Opinion
1323N
June 5, 2003.
Judgment (denominated an order), Supreme Court, New York County (Marjory Fields, J.), entered on or about May 17, 2002, which, inter alia, granted petitioner attorney's motion to confirm an award made by the Matrimonial Fee Dispute Arbitration Unit, unanimously affirmed, without costs.
Pro Se, for petitioner-appellant.
Annette G. Hasapidis, for respondent-respondent.
The client's arguments premised upon her claims of malpractice are barred by the prior unappealed order recognizing the attorney's charging lien and referring the matter for an assessment (see Smira v. Roper, Barandes Fertel, LLP, 302 A.D.2d 305, 754 N.Y.S.2d 872; Linden v. Moskowitz, 294 A.D.2d 114, 115-116). In any event, there was no showing that vacatur was warranted under the well-known standard insulating arbitral awards from disturbance on grounds of legal or factual error (see e.g. Lee v. Omni Berkshire Place Hotel, 302 A.D.2d 286, 753 N.Y.S.2d 838; Azrielant v. Azrielant, 301 A.D.2d 269, 752 N.Y.S.2d 19,lv denied 99 N.Y.2d 509, 2003 N.Y. LEXIS 292).
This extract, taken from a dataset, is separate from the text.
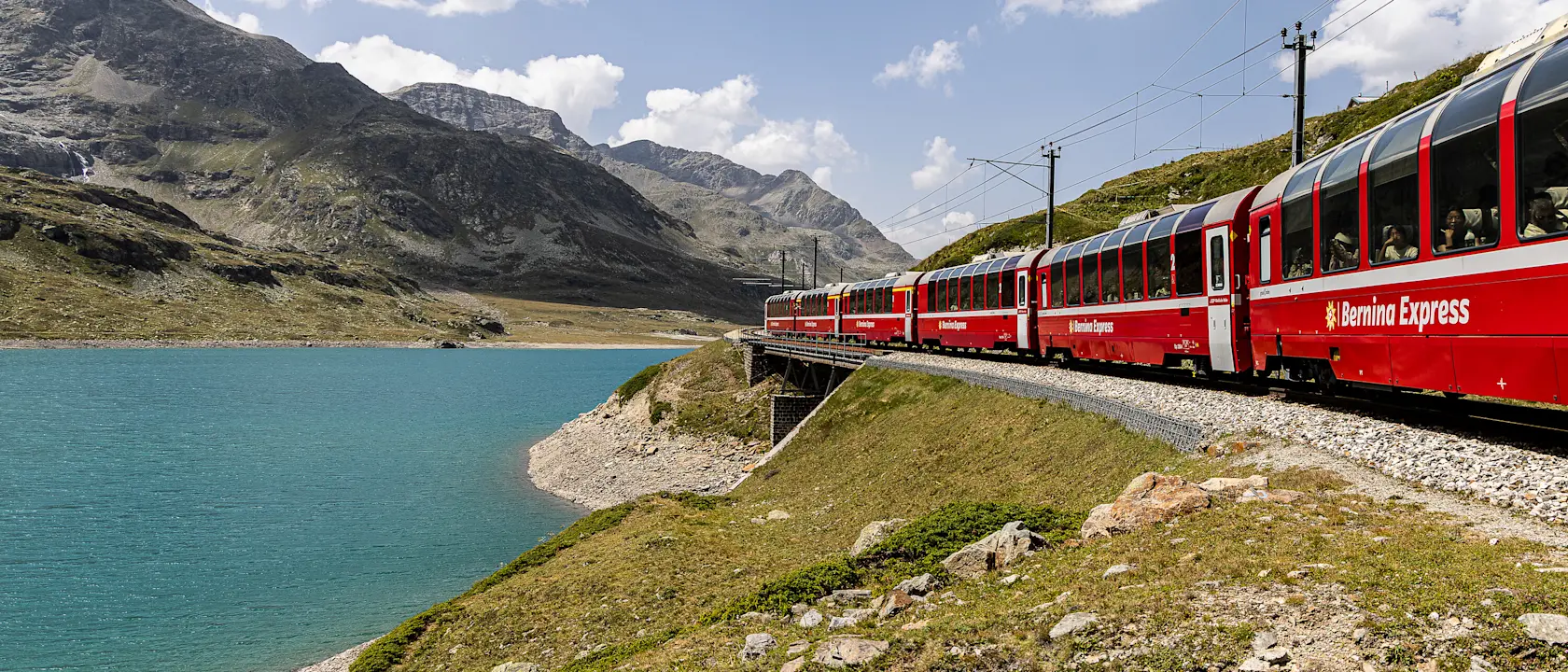 Red Bernina Express train at sunrise with panoramic windows, snowy Alps, and Brusio Viaduct in Switzerland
Finally, in light of her participation at the arbitration hearing, there is no merit to the client's claims she agreed only to mediation, but not arbitration, and was not provided with proper notice of the arbitration rules.
Contrary to appellant's contention, the arbitration award did not violate public policy.
We have considered appellant's other contentions and find them unavailing.
Motion seeking leave to strike brief denied.
THIS CONSTITUTES THE DECISION AND ORDER OF THE SUPREME COURT, APPELLATE DIVISION, FIRST DEPARTMENT.